What Fairy Tales Are Made Of
Paris’s beauty behind closed doors rivals that of its dazzling lights.
While the Louvre and Musee D’Orsay tend to receive the most airtime, some of the more obscure reveal Paris’ lesser-known side.
From the chic boutiques of St Germain to the champagne glow of the Seine in the afternoon, Paris is easy on the eyes. With the world’s finest museums at its doorstep, deciding whether to discover its story that way or to explore splendid sights on foot may require mulling over.
Selecting more intimate museums allows you to do a little of both. While the Louvre and Musee D’Orsay tend to receive the most airtime, some of the more obscure reveal Paris’ lesser-known side. In a metropolis that prides itself in a carefully preserved past, intriguing tales are hidden in the most unexpected places.
You don’t even need to leave your accommodation to experience Paris. Shangri-La Hotel, Paris allows you to stay in what is essentially a museum, 114 years after French Prince Roland Bonaparte first opened the doors of his former residence to Parisian society. Napoleon III’s grandnephew, a member of the country’s most notable aristocratic families, is known for his eclectic blend of 17th- and 19th-century architectural styles. Situated in the elegant avenue d’Lena, many of the 101 rooms, including 36 suites, provide an enviable view of the glorious Eiffel Tower. Adding to the hotel’s rich history is signature French restaurant L’Abeille and Chinese restaurant Shang Palace, both of which have been awarded Michelin stars.
Restored under the watchful eye of the Monument Historiques, the hotel was renovated by a team comprising artisans accredited for their ancestral savoir faire to ensure that marble floors were salvaged and stained glass windows restored with the utmost care. Prince Roland’s stables have been transformed into a serene swimming pool and fitness area, while the opulent grand salon where Princess Marie and Prince Georges of Greece and Denmark’s engagement photos were taken, maintain absolute integrity, making it easy to imagine their lavish lifestyle.
Within Easy Reach
The area is so rich with history that even those with only a few hours have plenty to see. French novelist Balzac’s house is a short walk away in the hills of Passy and the last of his 11 homes still standing. He took refuge here in 1840 and penned some of his most famous works, including La Rabouilleuse, Splendeurs et Misères des Courtisanes, La Cousine Bette, Le Cousin Pons and Une Tenebreuse Affaire.
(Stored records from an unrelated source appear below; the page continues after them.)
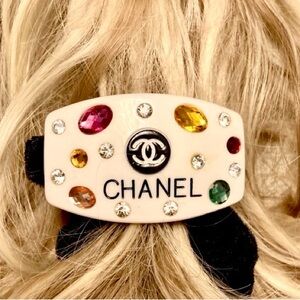 Chanel GWP VIP White Black Hair Tie with Multicolor Gems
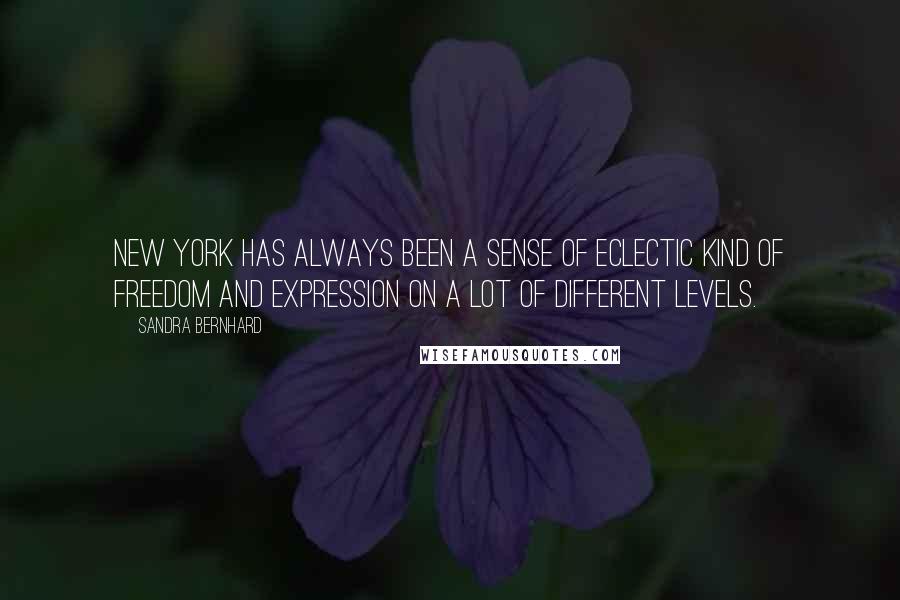 Sandra Bernhard Quotes: New York has always been a sense of eclectic kind of freedom and expression on a lot of different levels.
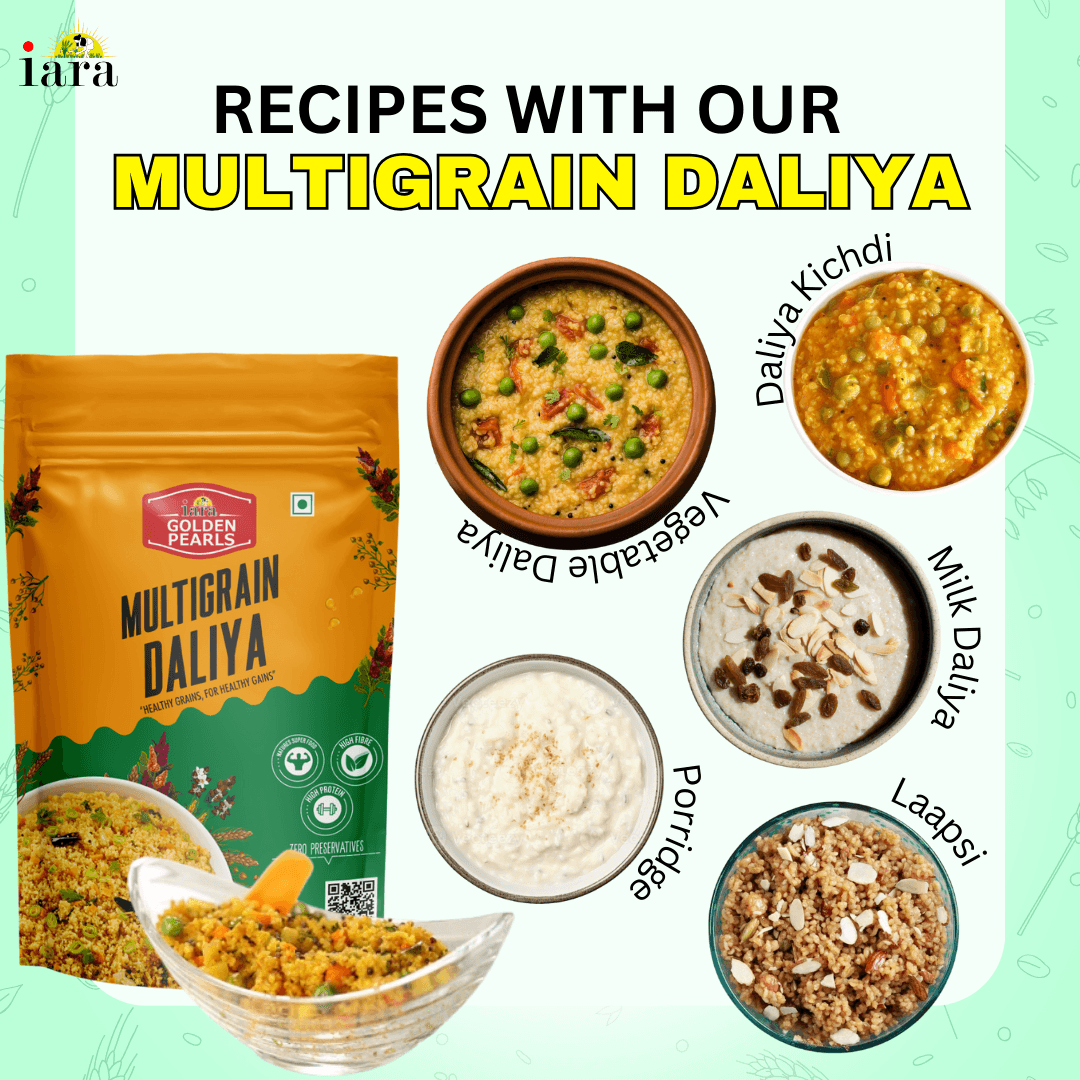 Iara Golden Pearls Multigrain Daliya - 900 gms |  Blend of Wheat, Ragi, Chana & Bajra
Also nearby, a five-minute stroll through a charming produce and flower market, is the Galliera Museum housed in a magnificent Renaissance-style palace. Fashion buffs can take a trend-led journey down memory lane with themed exhibits showcasing more than 1,000 pieces of clothing and accessories providing a peek at Parisian styles from the 18th century onwards, from haute couture to slick street styles. The latest exhibit, held from 7 November 2015 to 20 March 2016, highlights the wardrobe of Elizabeth, Countess Greffulhe, who inspired the fashion designers of her time.
If you have a little more time, continue to uncover Paris’ past at Musée Carnavalet, a whimsical gem featuring a smorgasbord of paintings, sculptures, furniture, art and important documents from the French Revolution, housed in rooms recreated in the style of 14th- and 15th-century residences. Trace the Gallo-Roman era through to today, including the fascinating prehistoric canoes used by Parisii tribes, and Marcel Proust’s cork-lined bedroom from his Haussmann apartment.
Only slightly further afield is another of our favourites - Musée Jacquemart-André, an opulent Second Empire mansion where each room, stairway and private apartment is adorned with gorgeous art. Its intimate setting makes it unique and more approachable than some of the more well-known museums, so you can take your time admiring the rare works and furniture of 19th-century collector Edouard André and his wife, renowned portrait artist Nélie Jacquemart. Located in the buzzing Marais district, watch Paris come alive as the sun sets in this edgy hub overflowing with hip eateries, effortlessly cool boutiques, chic hotels and art galleries – everything we love about the City of Lights.
- On a sunny day, forego the museums altogether by strolling along the Seine past Jardin du Luxembourg to St Germain. Stop for lunch at Café de Flore and order a Mille-Feuille as you watch the world go by.
- Avoid eating near major attractions which cater to tourists. Life’s too short for comme ci comme ca meals.
- Remember to greet shop owners with “Bonjour madame” or “Bonjour monsieur” to get the best service. Bidding them “Au revoir” when leaving is also a common courtesy.